### MATERIAL FOR THE TASK

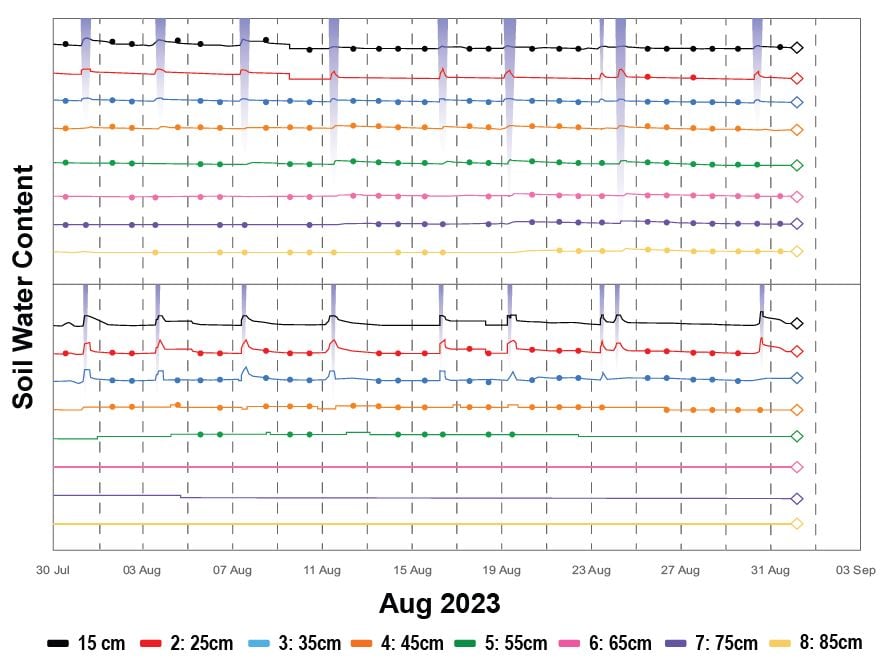 Table Grapes Soil water Content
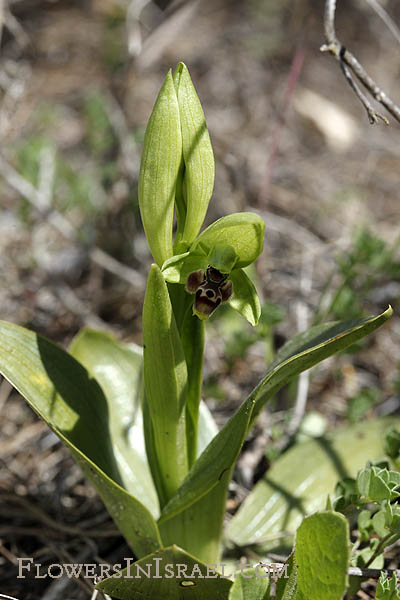 Ophrys umbilicata, Carmel Bee-Orchid,דבורנית דינסמור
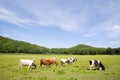 Cows.meadow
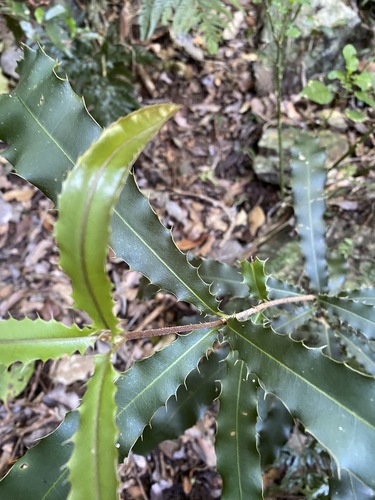 Image of Macadamia tetraphylla by (c) Greg Tasney, some rights reserved (CC BY-SA)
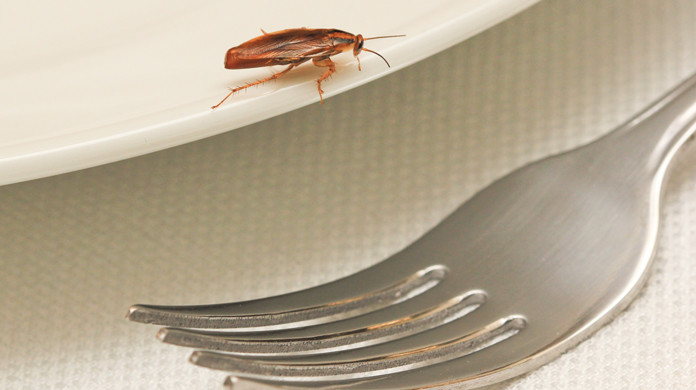 cockroaches in restaurant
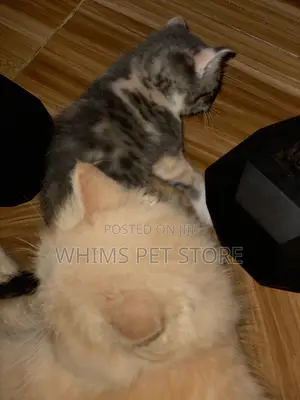 1-3 months Female Mixed Breed Persian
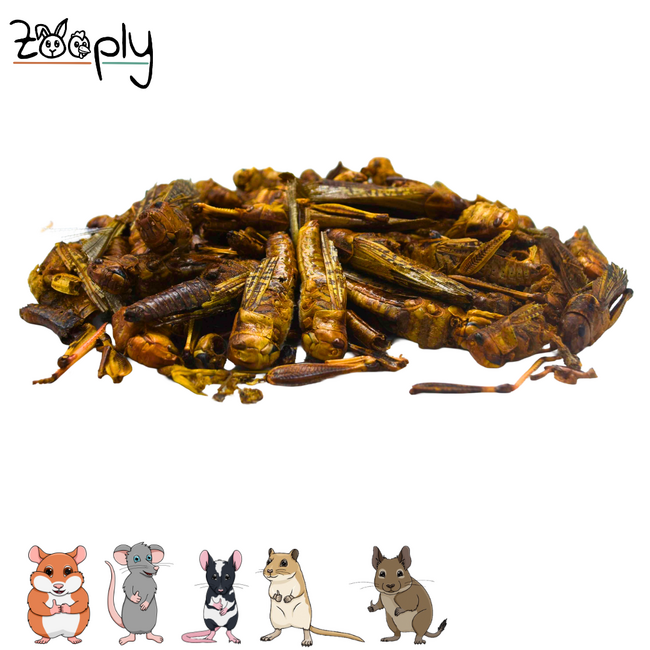Zooply Grasshoppers for Hamster, Rat, Gerbil, Mouse and Degu - Natural Snack - 50 grams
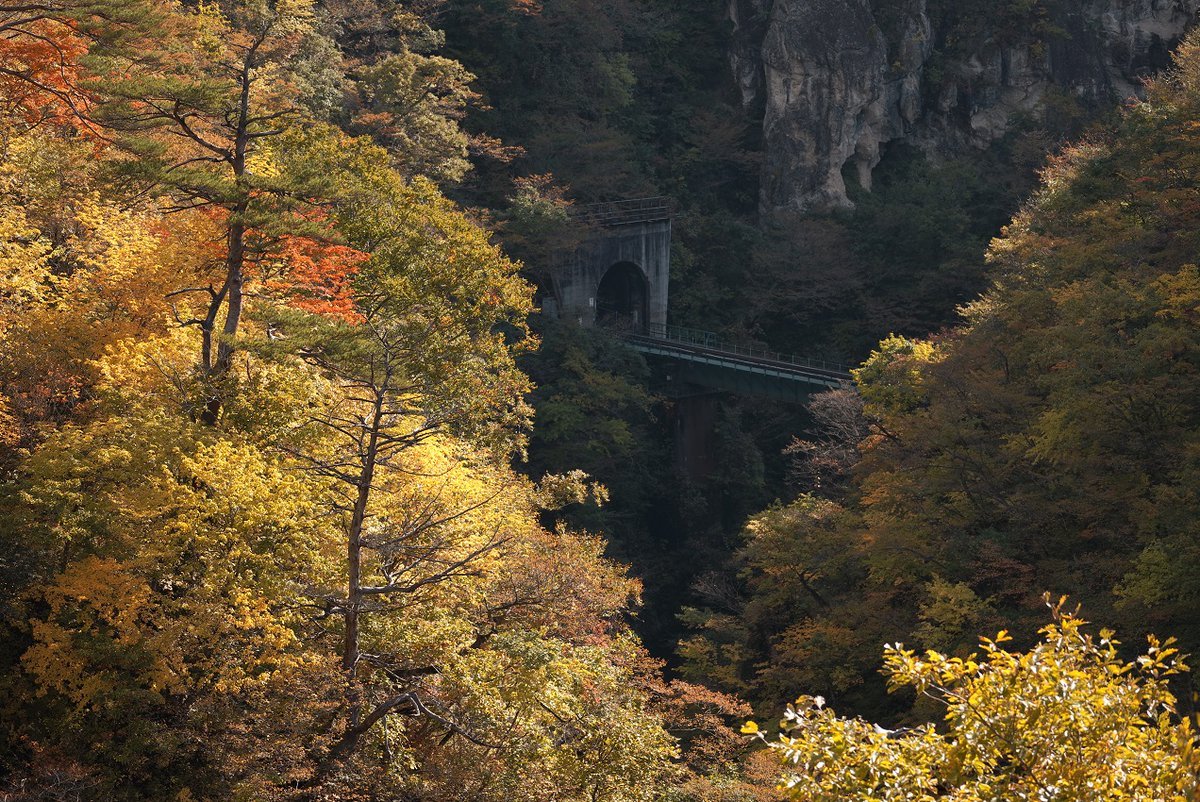 hs_Equinox's tweet photo. タイヤ交換のついでに鳴子峡の紅葉を見てきました！まだ8割くらいですね。それでも人がけっこういました。今日は過ごしやすい日ですね😆実家の猫ちゃんもまったりしていました。この子はさらにおデブちゃんに😅 https://t.co/9qZ2pMJ8nl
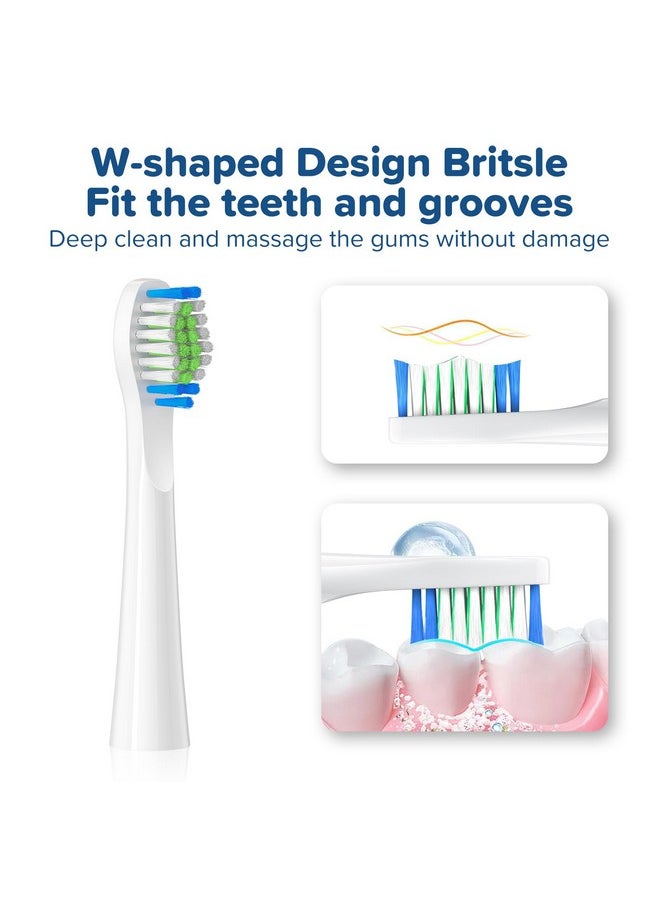Harobey Replacement Toothbrush Heads 10 Pack Compatible with Bitvae Daily D2 Rechargeable Toothbrush, for D2 Toothbrush Heads Refills, White
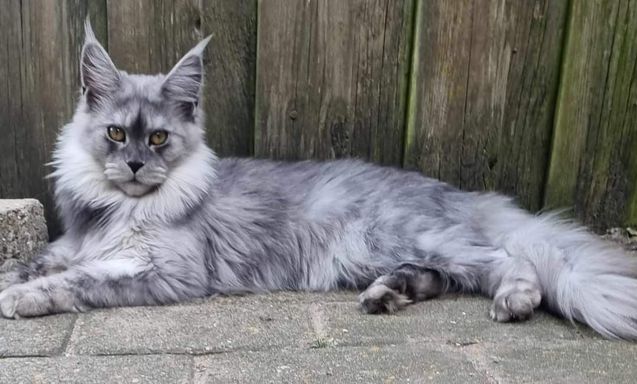 Freyja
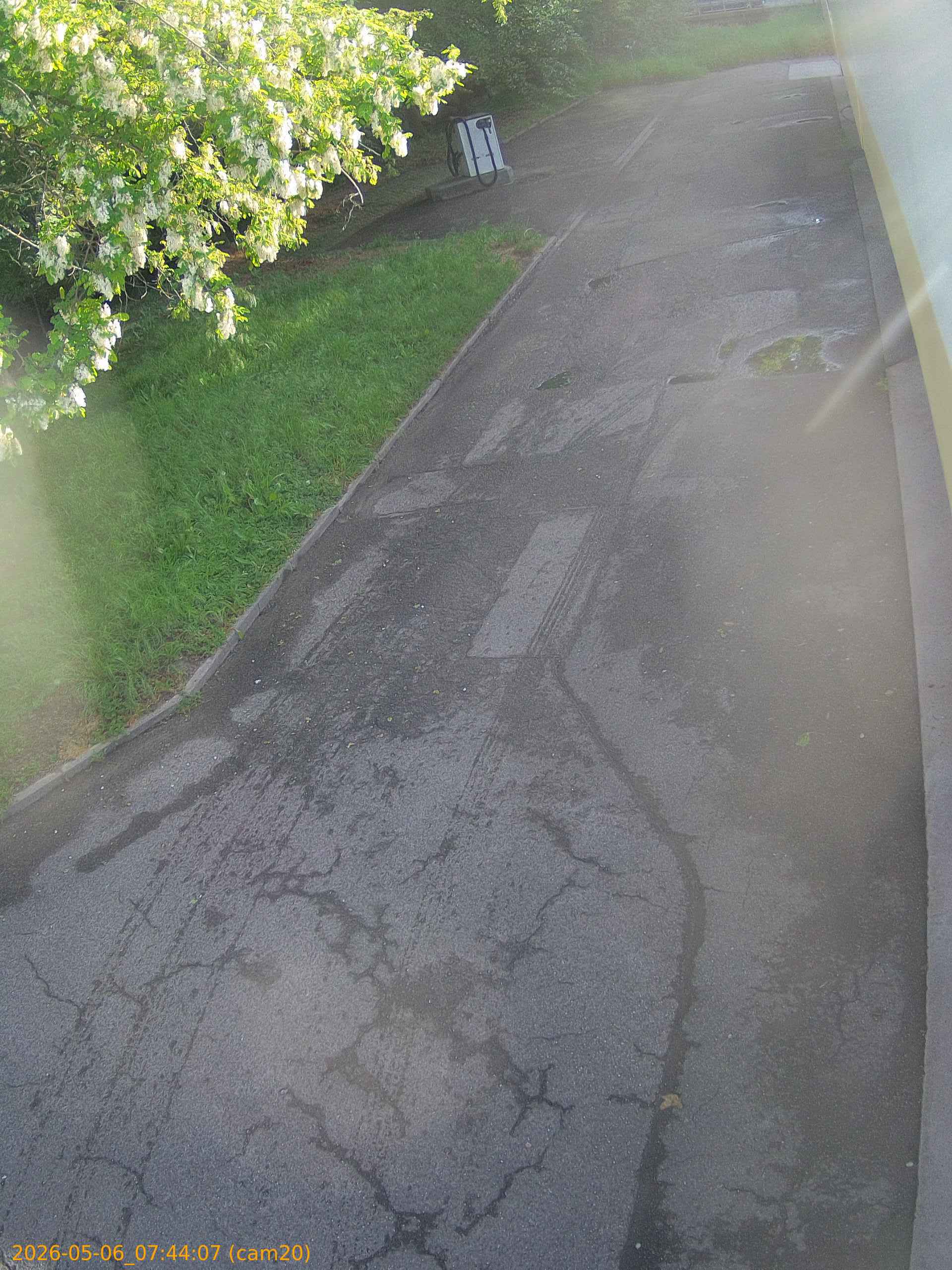 20260506074407
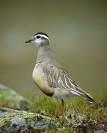 Charadrius asiaticus =>Αψινθοσφυριχτής =>Caspian Plover Charadrius morinellus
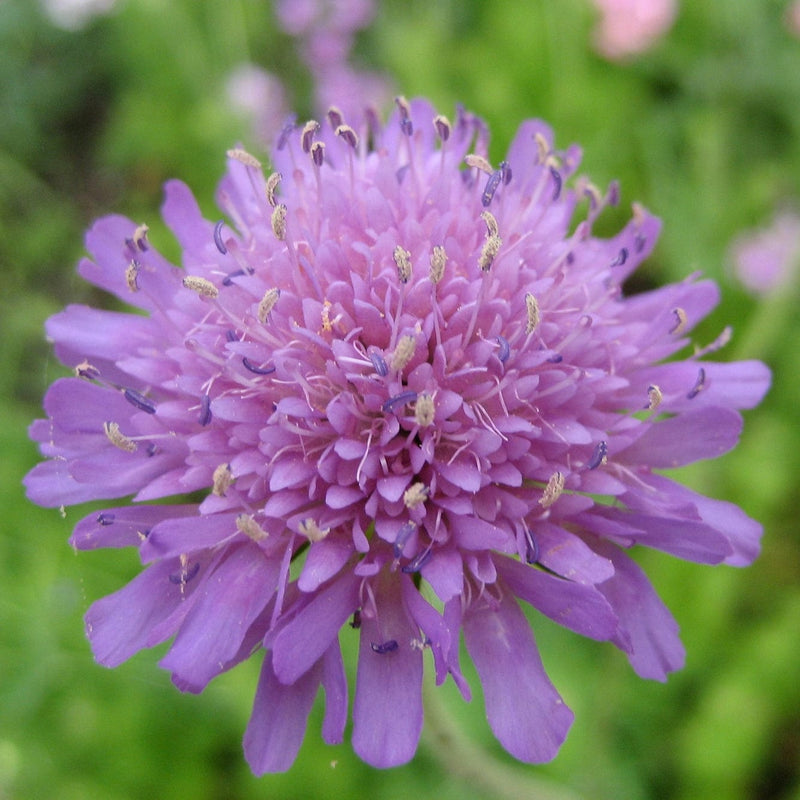 Knautia 'Melton Pastels' Perennial Bedding
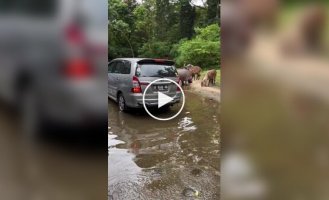 Самый большой автомобиль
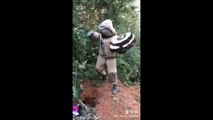 Un Japonais essaye de tuer un nid de frelons géants dans un costume farfelu (Darwin Award)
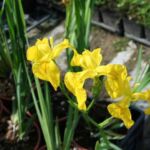 Iris pseudacorus - Foto Antica Pieve Piante Perenni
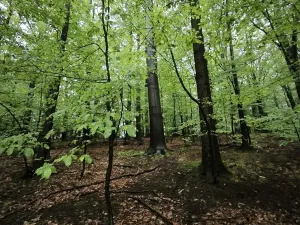 Prodej lesa, Bernartice, 23360 m2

### PROMPT
Pictures are to be dropped; the lines from the start of the entries above through the line with "1-3 months Female Mixed Breed Persian" are to be given again verbatim.

### RESPONSE TO THIS TASK
 Table Grapes Soil water Content
 Ophrys umbilicata, Carmel Bee-Orchid,דבורנית דינסמור
 Cows.meadow
 Image of Macadamia tetraphylla by (c) Greg Tasney, some rights reserved (CC BY-SA)
 cockroaches in restaurant
 1-3 months Female Mixed Breed Persian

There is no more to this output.